Exercise aim =>
Copy the listing exactly, leaving out every picture.

Source data =>
■ ■ ■ ■ ■ ■ ■

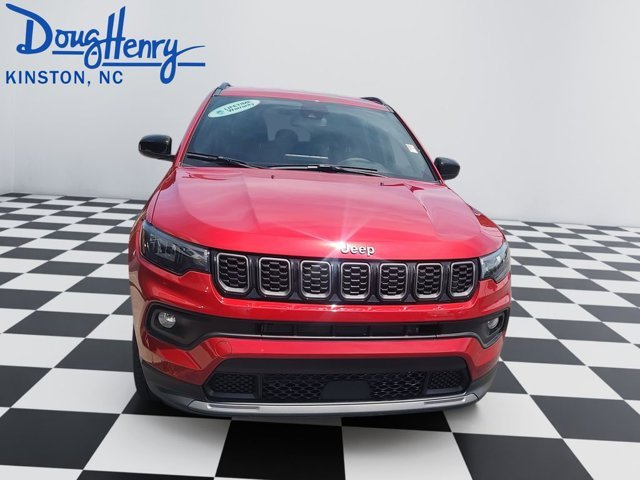 New 2026 Red Hot Pearl-Coat Exterior Paint Jeep Latitude Altitude image 8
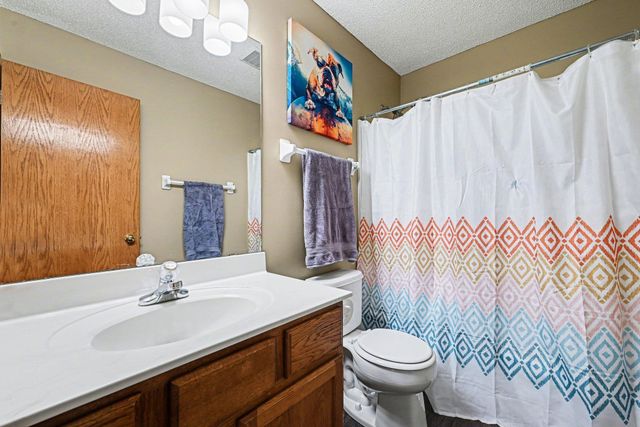 7625 Teal Road, Woodbury, MN 55125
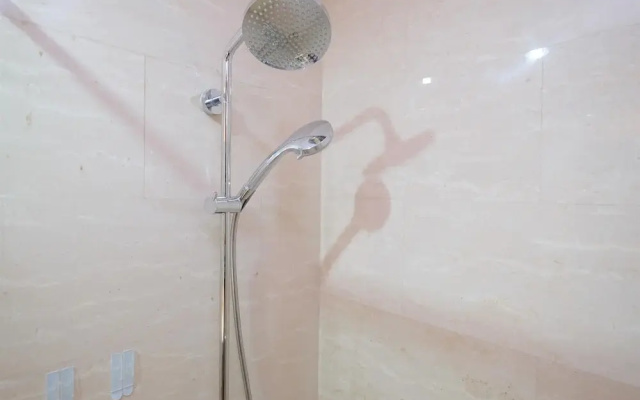 Homey And Comfy Studio Room At Menteng Park Apartment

■ ■ ■ ■ ■ ■ ■

Response below =>
 New 2026 Red Hot Pearl-Coat Exterior Paint Jeep Latitude Altitude image 8
 7625 Teal Road, Woodbury, MN 55125
 Homey And Comfy Studio Room At Menteng Park Apartment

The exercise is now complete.